Reste une solution moins coûteuse politiquement: celle de la croissance, vantée de longue date par le gouvernement et ces derniers jours par le Rassemblement national. Le déficit d'un pays est exprimé sous forme de pourcentage de son Produit intérieur brut (PIB), plutôt qu'en milliards d'euros. En 2022, il représentait ainsi 4,7% du PIB de la France, soit 124,5 milliards d'euros pour un PIB de 2.639,1 milliards d'euros.

Si le PIB grossit plus vite que le déficit au cours d'une année, ce dernier représente mécaniquement un plus petit pourcentage de la richesse nationale.

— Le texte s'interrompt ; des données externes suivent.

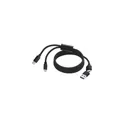 Variante noir - Câble de Charge Personnalisable Briony avec Logo
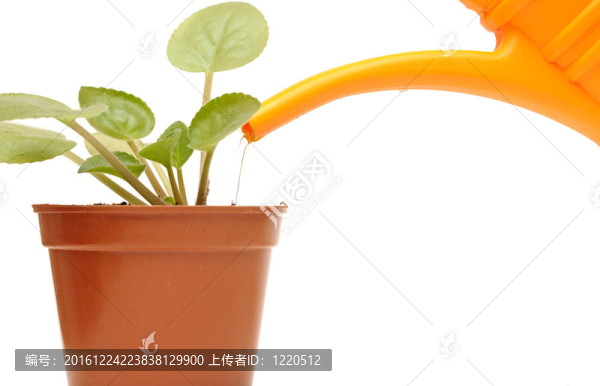 特寫一方面植物澆水噴壺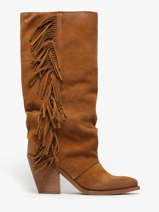 Bottes  Talon En Cuir Metisse Marron women XD1040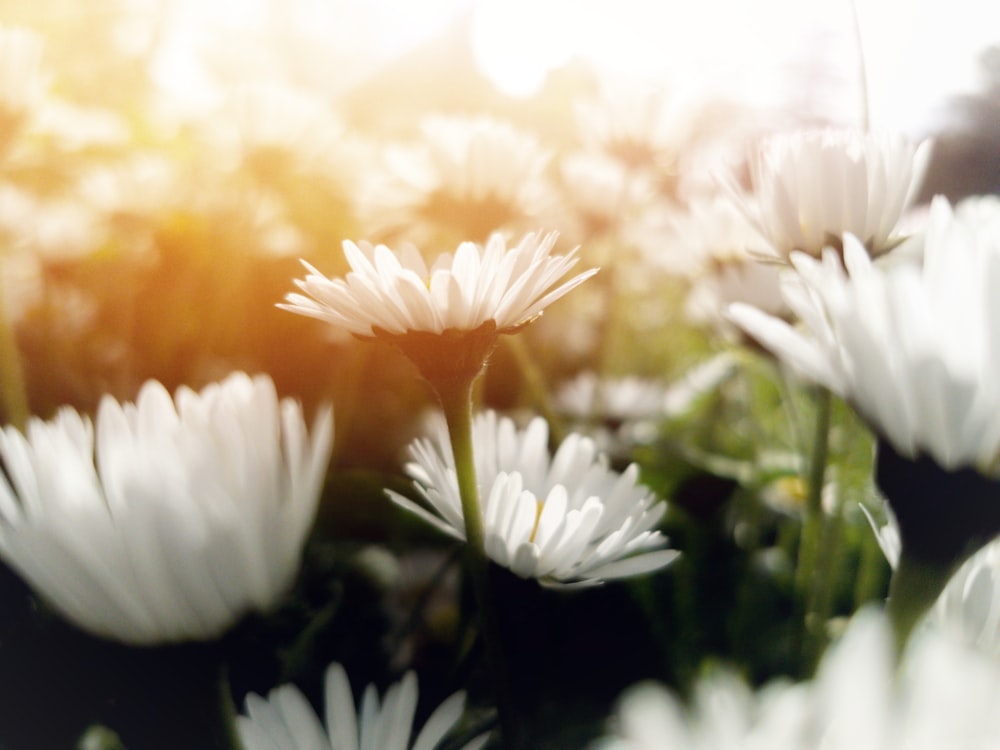 photo of white petaled flowers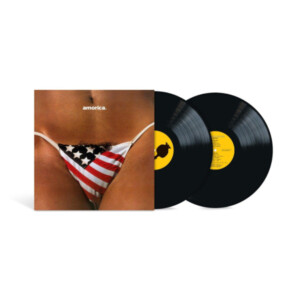 Black Crowes, The - Amorica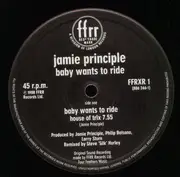 12inch Vinyl Single - Jamie Principle - Baby Wants To Ride (Remix Version)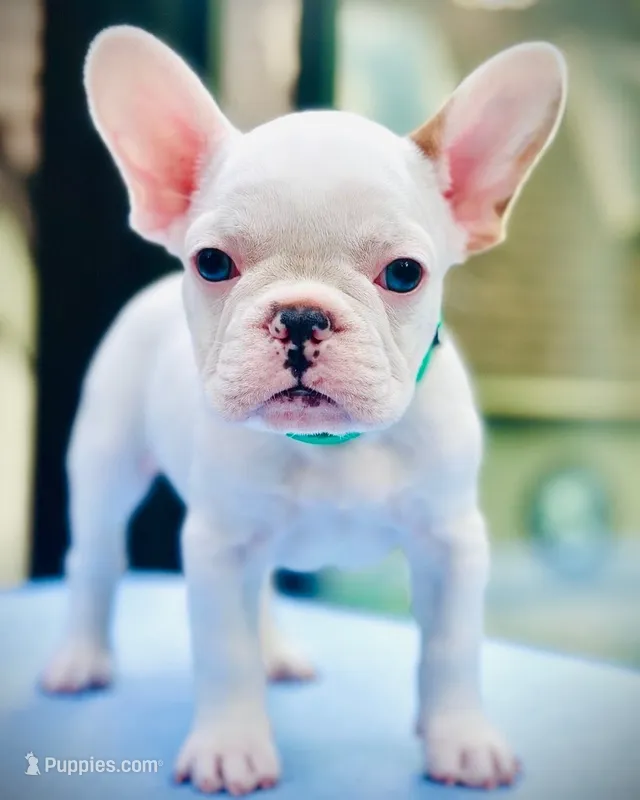 Green Collar-Merle Pied, blue, coco – French Bulldog puppy for sale in Mullica Hill, NJ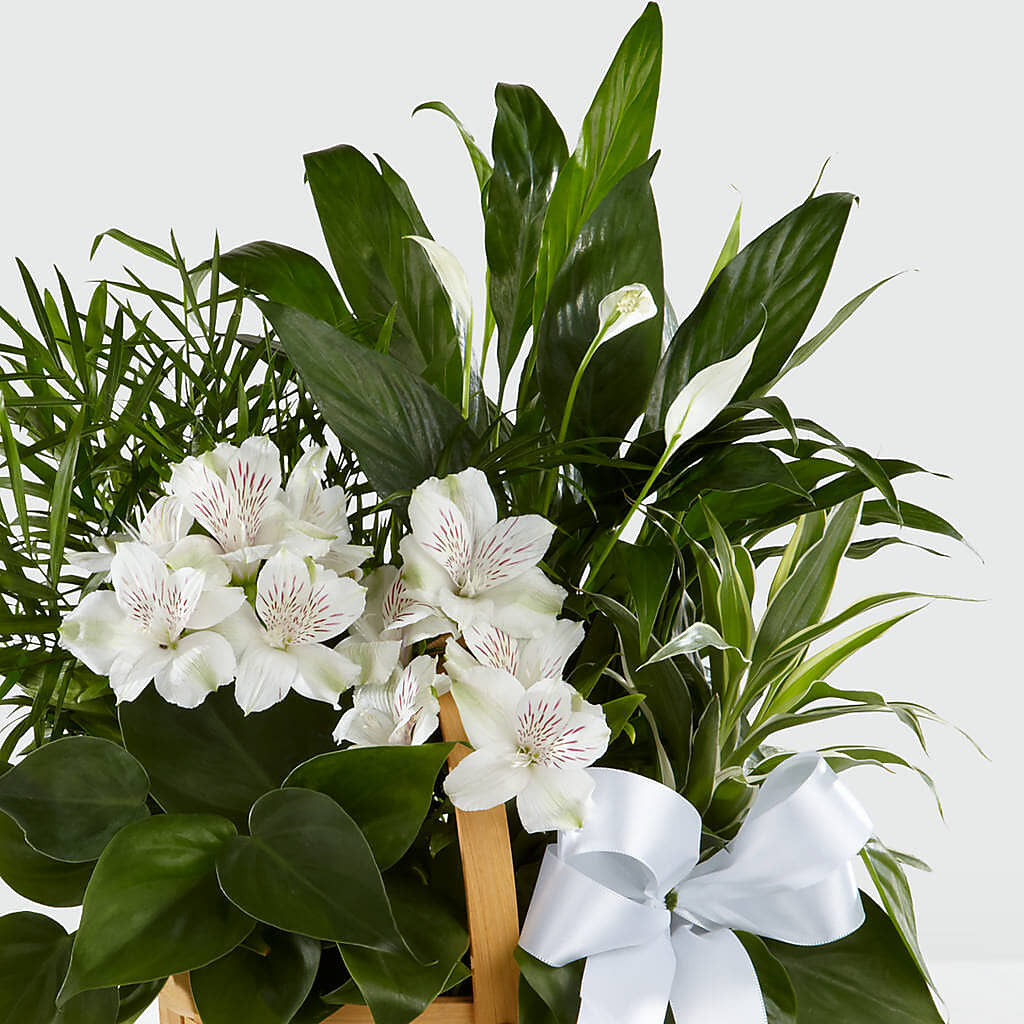 Peace & Serenity Dishgarden –  Bush Flower Shop, North Augusta SC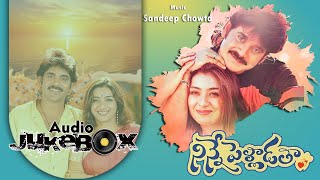 Ninne Pelladatha Telugu Songs Jukebox  Nagarjuna Tabu  Sandeep Chowta  ilovesongs90s [upl. by Aeslehs]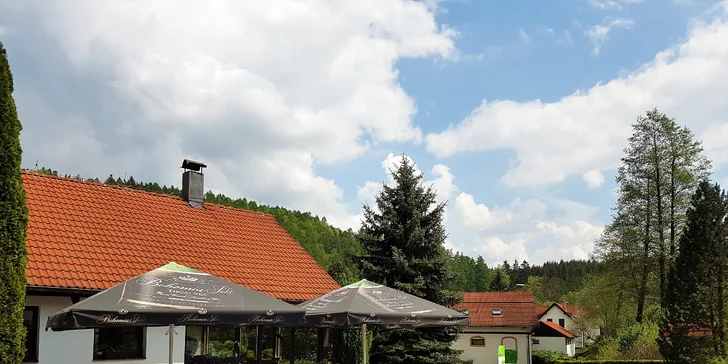 Romantika v přírodě nedaleko Vlašimi: pobyt v Cocoon Tree Bed se soukromou spa terasou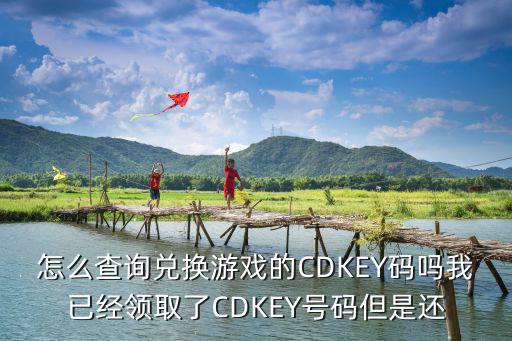 怎么查询兑换游戏的CDKEY码吗我已经领取了CDKEY号码但是还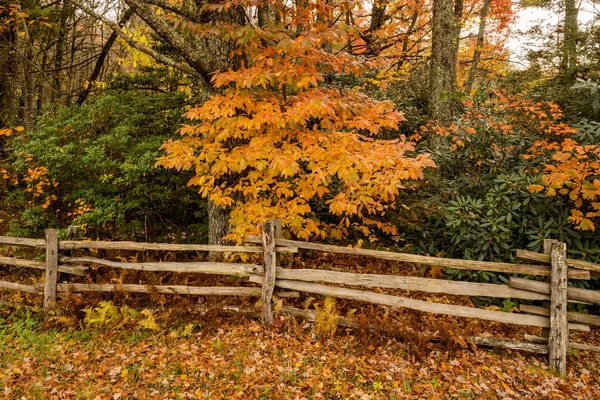 Orange Leaves Above Split Rail Fence along the Blue Ridge Parkway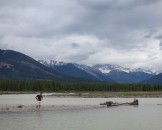 IMG_0440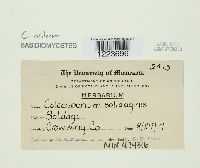 Image Associated With the Occurrence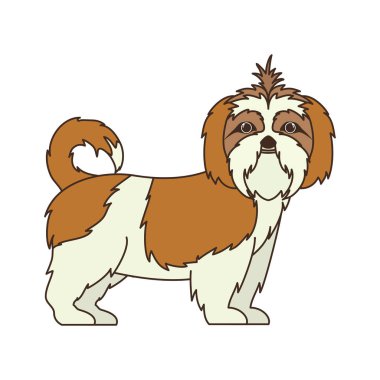 beyaz arka plan üzerinde sevimli shih tzu köpek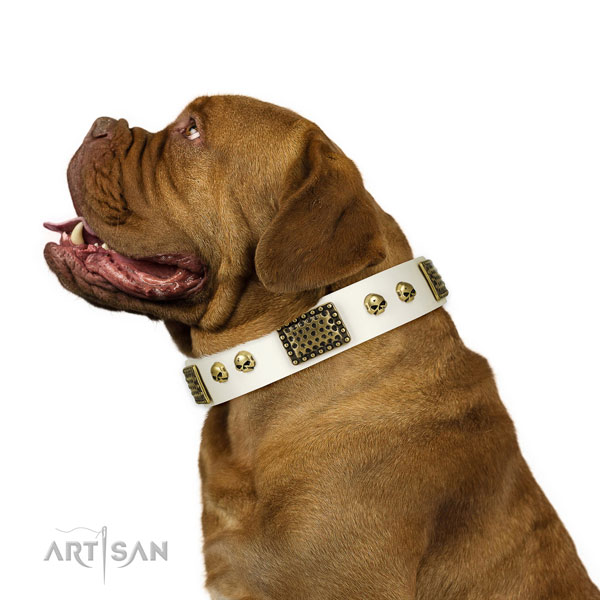 Rust resistant hardware on leather dog collar for handy use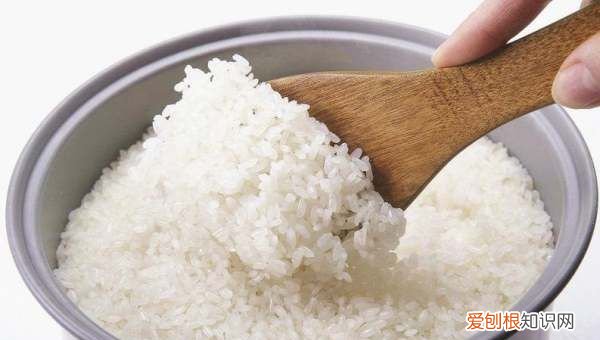 煮饭怎么把握水放多少，蒸米饭时怎么判断加多少水了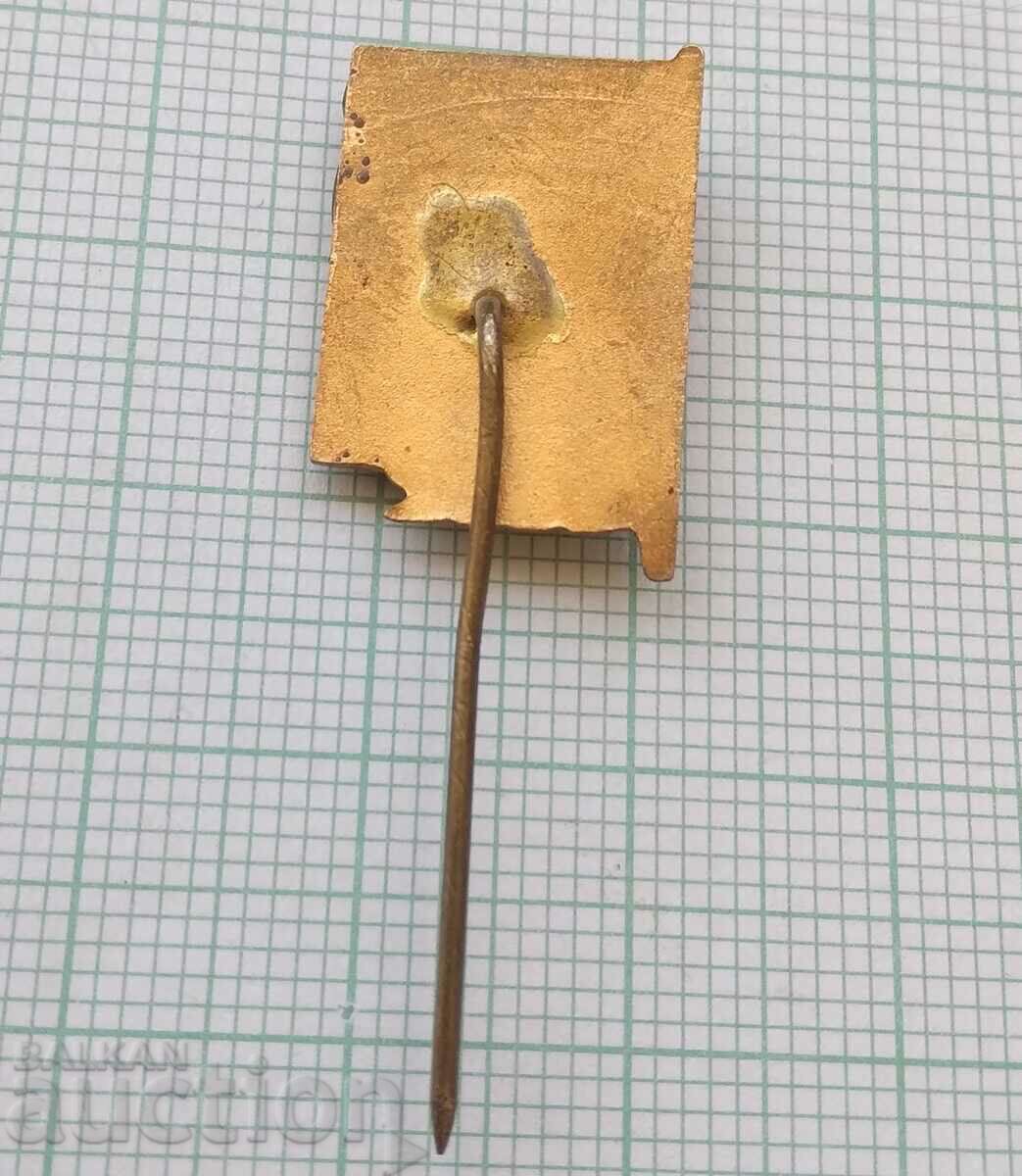 Auction 16026 Badge - Vasil Levski - bronze enamel Auction 16026 Badge - Vasil Levski - bronze enamel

Depuis la pandémie, le gouvernement a principalement misé sur ce levier pour réduire le déficit, qui avait culminé à 9% du PIB en 2020. Mais là où la croissance était dynamique jusqu'en 2022, elle s'est nettement essoufflée en 2023 (0,9%), alors que les dépenses continuent à progresser et que les recettes fiscales ralentissent.

Pour Charlotte de Montpellier, économiste chez ING, "la croissance du PIB sera faible" aussi en 2024. "Cela implique que le déficit public risque à nouveau de largement dépasser la cible pour 2024 (4,4%, NDLR). En conséquence, la politique budgétaire deviendra probablement plus restrictive au cours des prochains mois, ce qui pèsera sur la reprise économique", anticipe-t-elle.